Details of the programme are as follows:
June 16 (Thursday), 7.30pm
Theatre, Hong Kong City Hall
Lecture Demonstration - The Theatrical Art of Qi Opera
June 17 (Friday), 7.30pm
Theatre, Hong Kong City Hall
Excerpts: "Wu Dalang Peddles Cakes", "The Wandering Busker", "Lady Zhaojun Going Beyond the Great Wall", "Fan Zhongyu Beaten and Thrown into a Crate", "Sima Shi Purges the Court", "A Dumb Man Carries His Crippled Sister", "Dong Hong Falls into a Pit" and "The Yellow Crane Tower"
June 18 (Saturday), 7.30pm
Theatre, Hong Kong City Hall
High-pitch full-length opera "Mu Lian Rescues His Mother"
Tickets for performances priced from $100 to $240, and tickets for the Lecture Demonstration priced at $50, are now available at URBTIX outlets, on the Internet and by credit card telephone booking. Half-price tickets are available for senior citizens aged 60 or above, people with disabilities, full-time students and Comprehensive Social Security Assistance (CSSA) recipients. (Limited tickets for full-time students and CSSA recipients.) Please refer to the programme booklet for group booking discount schemes of the Chinese Opera Festival programmes. (Discount for full-time students and group booking discount schemes are not applicable to the tickets for the Lecture Demonstration.)

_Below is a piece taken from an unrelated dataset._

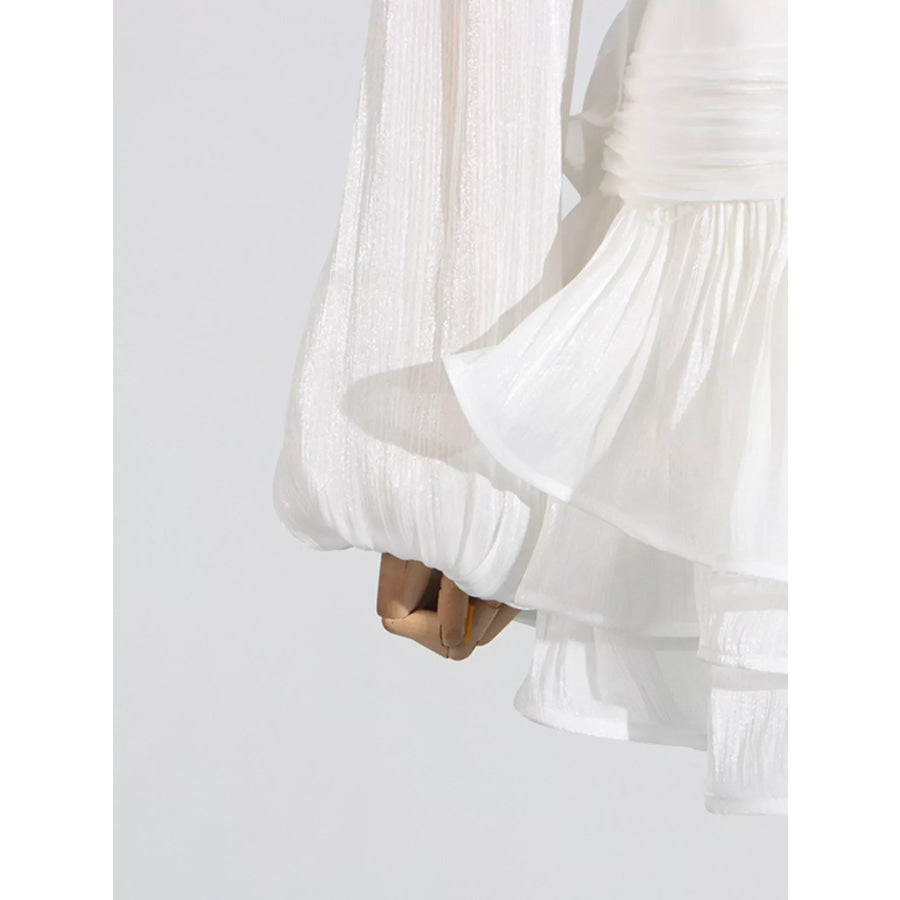 Ruffle Balloon Sleeve Mini Dress Apparel and Accessories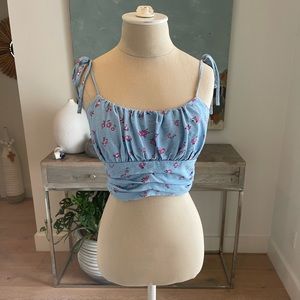 Forever 21 Light Blue Floral Crop Top Adjustable Tie Straps Small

For programme enquiries, please call 2268 7325 or visit www.lcsd.gov.hk/cp. For ticketing enquiries, please call 2734 9009. For credit card telephone bookings, please call 2111 5999. For Internet bookings, please visit www.urbtix.hk.
To enhance understanding of the theatrical art of Qi opera, a lecture and demonstration including performance of the opera excerpt "The Drunken Lu Zhishen Wreaking Havoc at the Monastery" will be held on June 16. A centrepiece in the stock repertoire for actors in "hualian" (painted face) roles, this excerpt demonstrates masterly skills in Qi opera using the eyes, facial expressions, footwork and the abdomen. It also spotlights the acrobatic act in which the actor performs the postures of the "Eighteen Arhats" while standing on one leg. It has inspired similar excerpts in Hunan opera and "kunqu".